BSG stärkt Verhandelbarkeit des Preises bei ­Praxisverkauf

von RA Rainer Hellweg, Kanzlei Schroeder-Printzen, Kaufmann & Kollegen, Hannover, www.armedis.de

Mit Urteil vom 14. Dezember 2011 (Az: B 6 KA 39/10 R), dessen schriftliche Urteilsgründe noch nicht vorliegen, hat das Bundessozialgericht (BSG) die Rechte des Zulassungsausschusses, bei der Festlegung des Praxiswertes in die vertraglichen Vereinbarungen der Beteiligten einzugreifen, eingeschränkt. Für Ärzte wird durch das Urteil ein Freiraum manifestiert, wonach Praxisabgeber und Praxisübernehmer den Verkaufspreis frei aushandeln können. 

Der Fall

Geklagt hatte eine Psychotherapeutin, die ihre Praxis abgeben wollte und sich im Laufe des Verfahrens mit allen konkurrierenden Bewerbern über einen Kaufpreis von 40.000 Euro einig geworden war. Die Zulassungsgremien hatten diesen Preis als überhöht erachtet und aus eigenem Betreiben ein Gutachten eingeholt. Der Gutachter stellte sich auf den Standpunkt, da ein immaterieller Wert der Praxis nicht festzustellen sei, bliebe nur der materielle Verkehrswert in Höhe von unter 3.000 Euro. Nur zu diesem Preis hätte die Psychotherapeutin verkaufen dürfen, so die Entscheidung der Zulassungsgremien im Verwaltungsverfahren. 

Die Entscheidung

Entgegen zwei instanzgericht­licher Entscheidungen hat nunmehr das BSG der Psychotherapeutin Recht gegeben. Das BSG stellte klar, dass für eine Entscheidung der Zulassungsgremien über den Verkehrswert der Praxis nur dann Raum ist, wenn zwischen dem ausscheidenden Arzt und den Bewerbern Streit über den Verkehrswert besteht. 

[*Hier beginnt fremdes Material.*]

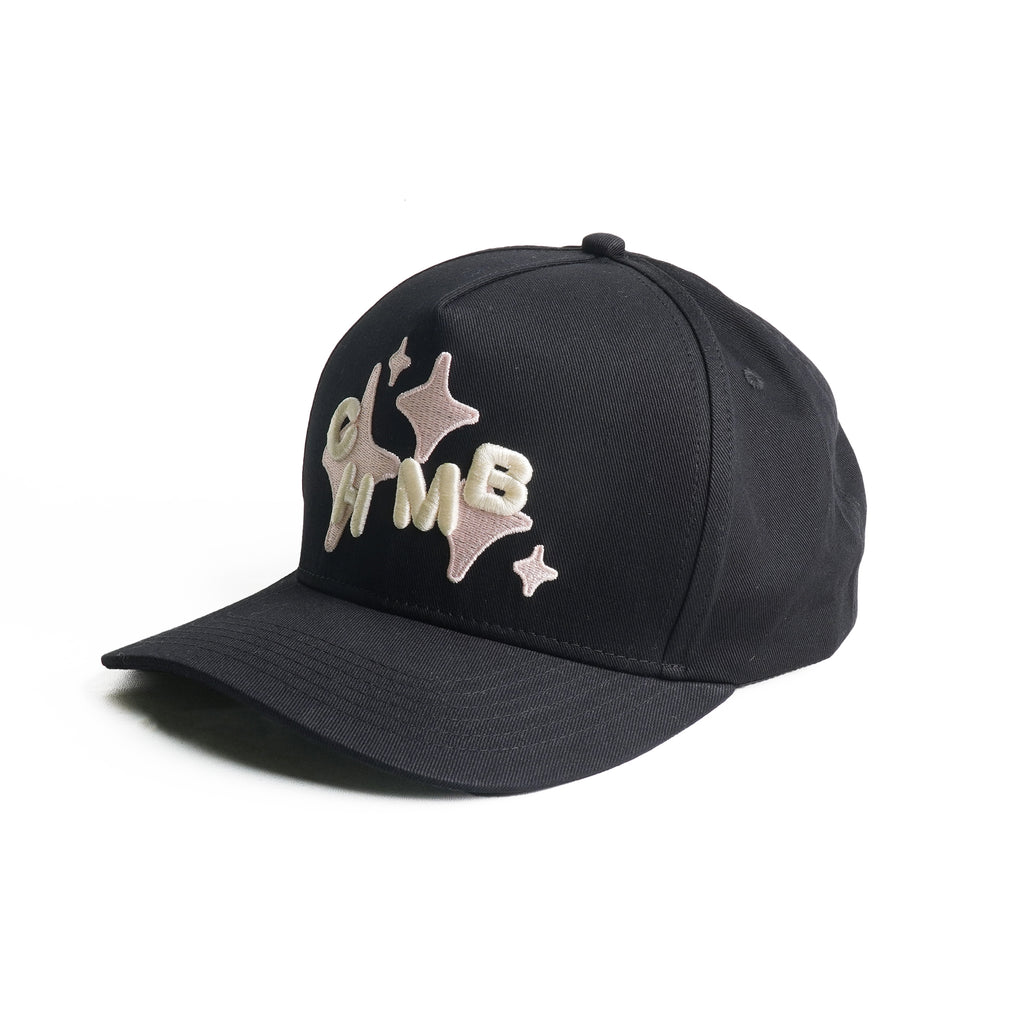 Chambre - Hat 5 Panel Black Pinky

Sei hingegen mit allen Bewerbern Einigkeit über den Kaufpreis erzielt worden, sei eine Festsetzung des Verkehrswertes durch die Behörde nicht mehr notwendig und auch nicht mehr zulässig. Das BSG begründet dies mit den Eigentumsrechten des Praxisabgebers und der Privatautonomie der Vertragsparteien. 

Der rechtliche Hintergrund

Nach der gesetzlichen Vorschrift des § 103 Abs. 4 Satz 7 SGB V sind die wirtschaftlichen Interessen des ausscheidenden Vertragsarztes nur bis zur Höhe des Verkehrswerts der Praxis zu berücksichtigen. In diese Vorschrift hatten die Zulassungsgremien ein öffentliches Interesse hineingelesen, bei Praxisverkäufen überhöhte Kaufpreisforderungen zu verhindern. Auf dieser Grundlage sah sich die Behörde im Recht, entgegen dem zwischen den Beteiligten vertraglich Vereinbarten aus eigenem Ermessen heraus den Praxiswert zu ermitteln und fest­zusetzen. 

Dieser Vorgehensweise hat das höchste deutsche Sozialgericht nunmehr einen Riegel vorgeschoben. Nach Auffassung des BSG soll § 103 Abs. 4 Satz 7 nur verhindern, dass bei mehreren Bewerbern derjenige ausgewählt wird, der den höchsten Kaufpreis zahlt. Wenn aber mit allen Bewerbern Einigkeit über den Kaufpreis besteht, ist der Kaufpreis kein Auswahlkriterium mehr. In einer solchen Konstellation darf dann der Zulassungsausschuss nicht von sich aus in die Festlegung des Praxiswertes eingreifen, wie das BSG nunmehr klargestellt hat. 

Folgerungen für die Praxis

Auch wenn es im konkreten Fall um eine Psychotherapeutin ging, ist die Entscheidung des BSG auf alle Vertragsärzte übertragbar. Je nach konkreter Konstellation sollte der Praxisabgeber versuchen, wenn es neben dem Wunschvertragspartner noch andere Bewerber im Zulassungsverfahren gibt, sich mit allen über den gleichen Kaufpreis zu einigen. 

Dann besteht Gewähr, dass der Zulassungsausschuss bei Praxiswert und Kaufpreis nicht mit einem eigenen Wertgutachten eingreifen darf. So kann der tatsächlich verhandelte Kaufpreis gesichert werden, der aus berechtigten Gründen nicht selten deutlich über dem objektiv ermittelbaren Praxiswert liegt.